Fui ao atelier do Luís Athouguia na Parede num dia de Maio de intenso calor. No caminho, passámos os dois à beira das praias que inusitadamente regurgitavam de gente. Ainda não era Verão e já as pessoas se despiam num arrojo automático. A estranheza destas perturbações climáticas acabou no atelier do Luís Athouguia onde levei com um banho de frescura. Na realidade, o que vi naquela tarde, pastel e aguarelas, deixou-me mais vivo e cheio de esperança. O frescor dos sonhos vinha ao meu encontro.
O grande poeta francês Gérard de Nerval, que viveu uma vida estranha mas muito coerente, disse antes de morrer: «Le rêve est une seconde vie» (O sonho é uma segunda vida). Há já muitos e muitos anos (precisamente desde a sua primeira exposição em 1983) que Luís Athouguia persegue esta via onírica para o seu bem e para o nosso. Mas nele, o sonho é genético. Nascido numa família de pintores, ele não faz mais que continuar essa tendência natural que conduz à mais emotiva das realizações artísticas – a beleza absoluta que transporta.

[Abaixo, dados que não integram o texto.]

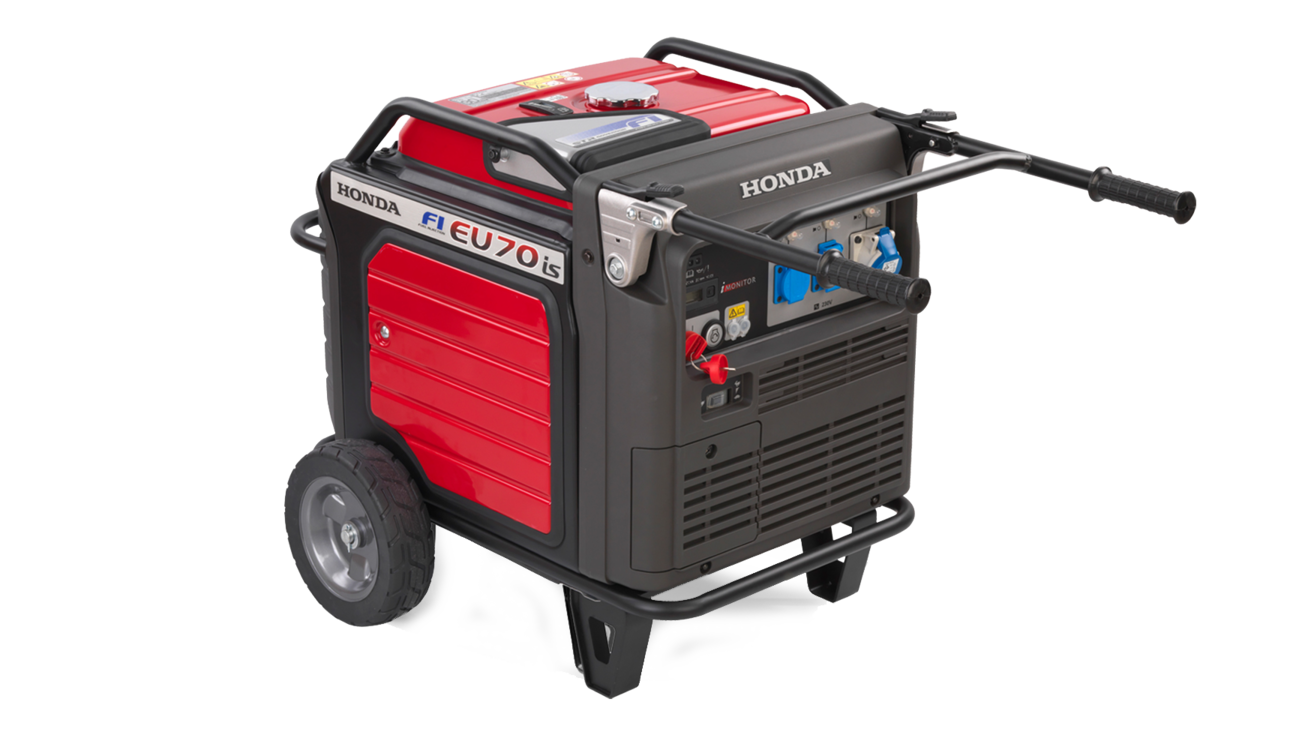 Honda EU 70is INVENTOROV Elektrocentr la Gener tor honda-eu-70is-inventorov-elektrocentr-la-gener-tor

Basta só vermos o inaudito quadro “Carnaval Quotidiano“, para ficarmos subjugados pelo poder mágico do pintor. Apoiando-se sobre umas cores soberbas, onde o real esforço parece despenhado (na realidade ele só está escondido), Athouguia obriga-nos a parar na vida. Tal é o choque pictórico que se materializa diante dos nossos olhos. Emoção e saber. Força criativa. Presença volantim que se renova. O espectador adquire todos os direitos importados. Max Ernst não está longe, mas o valor de Luís Athouguia não fica desmentido, pelo contrário, o pintor da Parede fica muito bem, independente e só, ao lado do pintor surrealista amigo de Breton.

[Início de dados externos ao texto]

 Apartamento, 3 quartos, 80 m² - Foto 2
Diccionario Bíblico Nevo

«Só gosto de considerar um quadro como uma janela; e a partir daí a minha única preocupação é de saber para onde é que ela dá» dizia André Breton. Não só o quadro “Carnaval Quotidiano“, mas todos os quadros onde reina o formidável pastel de Luís Athouguia, são janelas abertas para a emoção. São janelas que nos fazem ver vidas guilhotinadas mas que gozam de uma faculdade de locomoção desmesurada. São janelas essenciais que deixando para trás o quotidiano mais prático se abrem a velozes mares de pensamento. São janelas incessantes que dão para montanhas movediças de sonhos. Não tenhamos medo de o dizer: o pastel substancial de Athouguia ilumina a nossa noite e traz-nos a pureza dos primitivos tempos em que podíamos tocar as estrelas com as mãos.
Mostrando-se como um modo adjacente, e não secundário, em relação ao fantástico geral dos quadros de maior dimensão em pastel, as pequenas aguarelas de “Imaterialidades“ são pequenos pensamentos elásticos. Maravilhas da filigrana dos sonhos. São materialidades esboroadas à maneira de André Masson e como este pintor que trabalhou com a areia nos seus quadros também Athouguia se arquetipa aqui numa posição criativa que esfacela o tempo minúsculo dos devaneios. Assim cada uma das suas pequenas aguarelas é um relógio de areia que nos paralisa. E nos faz sonhar. A chuva miudinha dos sonhos tranquilizadores. Assim são estes quadrozinhos. Poderosos tranquilizadores contra a austeridade do nosso mundo.
Em resumo: esta exposição de Luís Athouguia, “Dissonância Surreal“, que se dirige para o país do sal é um verdadeiro acontecimento num momento em que o mundo da pintura vive uma crise de valores e uma crise de críticos de pintura, num universo onde reina o artifício, o oportunismo, a mediocridade e, claro, a uniformização.
Diga-se: ninguém actualmente em Portugal faz uma pintura destas. O Luís Athouguia é único e inclassificável (não é surrealista nem deixa de ser quando afirma a sua reticência!) e é toda esta volúpia do sonho que faz a sua força. E também o seu equilíbrio. Agora que morreram o Mário Botas, o Cesariny, o Álvaro Lapa, resta-nos o Luís Athouguia para nos conduzir ao país onde os coelhos usam relógios de pulso e as meninas têm mais de dois seios no peito.